El cine y las series, al igual que antes los cuentos de hadas y las mitologías, nos narran historias que nos permiten comprender intuitivamente procesos psicológicos y realidades vitales muy complejas.

Las películas de terror, por ejemplo, sacan a la luz en metáforas nuestros mayores miedos psíquicos, y me gustaría ofrecer en este texto un ejemplo: Los niños fantasmas.

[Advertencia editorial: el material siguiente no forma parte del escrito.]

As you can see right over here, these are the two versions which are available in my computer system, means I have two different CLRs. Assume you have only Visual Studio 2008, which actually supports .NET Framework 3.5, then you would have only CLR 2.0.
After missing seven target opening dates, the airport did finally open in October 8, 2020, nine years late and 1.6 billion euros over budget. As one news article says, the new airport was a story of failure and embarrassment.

En estas historias, a menudo un adulto se traslada a vivir a una casa grande, bella y antigua. Ese adulto suele ser, por ejemplo, una escritora, o alguien que pasa mucho tiempo solo. Y un día comienza a oír ruidos en la buhardilla, un lugar lleno de viejos objetos olvidados. Al principio no le presta mucha atención, y cree que son animales o cualquier cosa similar. Pero los ruidos van adquiriendo fuerza hasta que, un poco asustada, la mujer se ve obligada a subir para comprobar lo que pasa. Y allí encuentra a una niña llorando o enfadada. Creyendo que es real, se queda desconcertada y empieza a hablar con ella. Hasta que se da cuenta de que es un fantasma y sale despavorida.

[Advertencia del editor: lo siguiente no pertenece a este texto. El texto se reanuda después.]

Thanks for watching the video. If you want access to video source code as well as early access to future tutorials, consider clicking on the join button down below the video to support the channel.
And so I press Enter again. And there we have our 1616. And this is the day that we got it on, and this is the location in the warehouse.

Pero su voluntad de entender lo que ha ocurrido le lleva al periódico del pueblo y, revisando viejas noticias, da con aquélla en la que se narra el sangriento destino de la pobre niña. A partir de aquí, la narración desarrolla el contacto con esa niña y los intentos piadosos de la mujer por hacerle entender que ése ya no es su tiempo, que está muerta y que necesita irse a un lugar espiritual donde descansar al fin.

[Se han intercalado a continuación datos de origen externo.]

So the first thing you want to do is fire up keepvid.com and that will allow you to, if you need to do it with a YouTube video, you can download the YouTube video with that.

A menudo nuestros sufrimientos infantiles o adolescentes se quedan en nuestro interior más profundo, el desván de nuestra bella, antigua y enorme casa. Estas heridas se mantienen presentes, tristes y llenas de ira; y salen e interrumpen nuestra vida de adultos para protestar por su amargo destino. También ellas son fantasmas del pasado que no saben que ya están muertas y deben dejar paso a la vida adulta. Nos sorprendemos poseídos por esos niños, y nos desconcierta nuestro comportamiento, pensando que realmente somos nosotros, cuando es nuestro niño fantasma que irrumpe. El proceso psicológico muchas veces tiene que ayudar al adulto a encarar a ese niño y, con piedad, firmeza y aceptación, hacerle saber que su tiempo ya no es éste, que debe descansar en paz, y dejar paso libre al presente.